A charger and an energizer are two different things. As stated, I own three of the Gallagher Smart Fences and have used them for quite some time. I purchased my energizer and charger separately and from a different source than Gallagher. The energizer is designed to energize 3 miles of electric fence so has no difficulty making the 330' (or 660' if I join two together) extremely hot.

I have used these fences to rotational graze cattle, sheep and goats. The cattle respect them as do the other animals. We have not had any issues with deer running through them. We have a high enough predator load here that I have recently invested in LGDs to keep the stock safe over the winter months when we are not rotational grazing. However, the only times we've had losses to predators have been times of the year when we are NOT using the electric fencing.


----------



## MrsDouglas (Mar 29, 2015)

Moboiku said:


> It is easy for one person to set up and take down. My advice would be a) get an energizer that really delivers a shock - you want them to respect it and b) train them to it by turning them out on it. To train, simply set up inside a permanent fence for a week or two.

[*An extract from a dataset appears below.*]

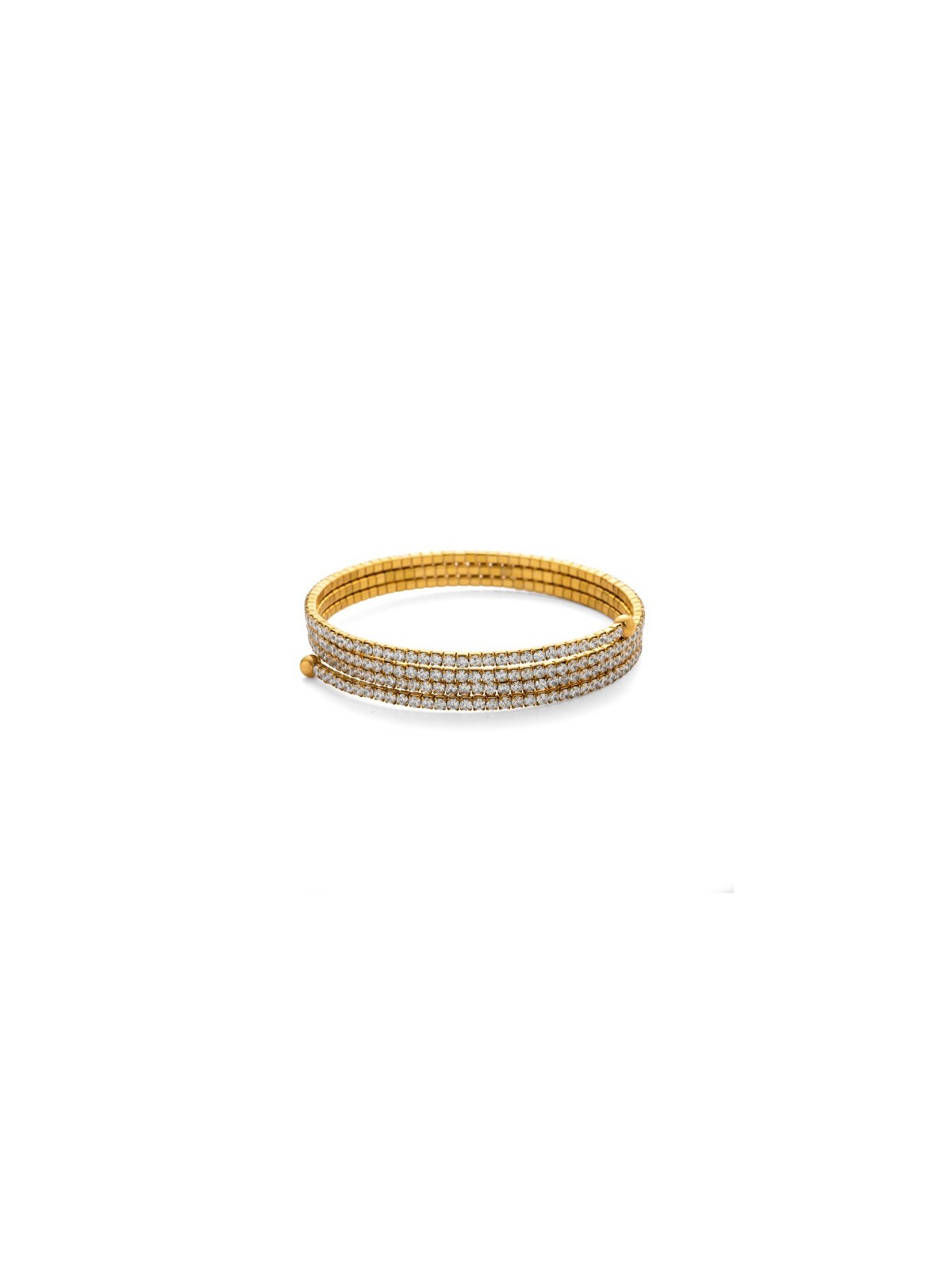 Troli Multilayer placcato oro bracciale con zirconi oro donna trasparente oro 4758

Thanks so much for your input. While I debated the cons brought up, the fact that you have used these successfully encouraged me. Of course, our cows are bigger than sheep and goats, but they are a mini breed so I think with a good energizer it is going to fit the bill. 

I especially like that it is easy for one person to set up and take down. I tend to do all the animal chores by myself. Hubby is quite happy to have them here for the benefits they bring (eggs, meat, future milk) but he is not into the day to day care. We had ten chickens to process last fall and I did it with the help of my girls and a girlfriend who was interested in learning the process. Hubby wouldn't even come near where we were working!

So the easier I can make things for myself, the better. I even managed to pick up the Smart Fence 2 for under $200. I think even if in the future we decide to do a different system, I will get my $200 worth out of this one.


----------



## slingshot (Jun 25, 2014)

Moboiku said:


> I'm not sure why you feel the need to put others' down - I did not do that to you.
> 
> 
> 
> ...



So...

I have a 5 wire perimeter fence, I looked at smart fence for pigs. I decided against it due to cost. 

I use wire reels and the Gallagher ring top posts to make cattle paddocks. 

I've had bears run my cattle through a very hot 5 wire system. 

I think the smart fence definitely has a place especially for smaller animals. It will work for cattle just fine, but I would never, ever use it by itself without a perimeter fence.


----------



## Moboiku (Mar 7, 2014)

slingshot said:


> So...
> 
> I have a 5 wire perimeter fence, I looked at smart fence for pigs. I decided against it due to cost.
> 
> ...



Totally agree. I would never use any electric fence without perimeter fence. There are just too many ways it can fail.


----------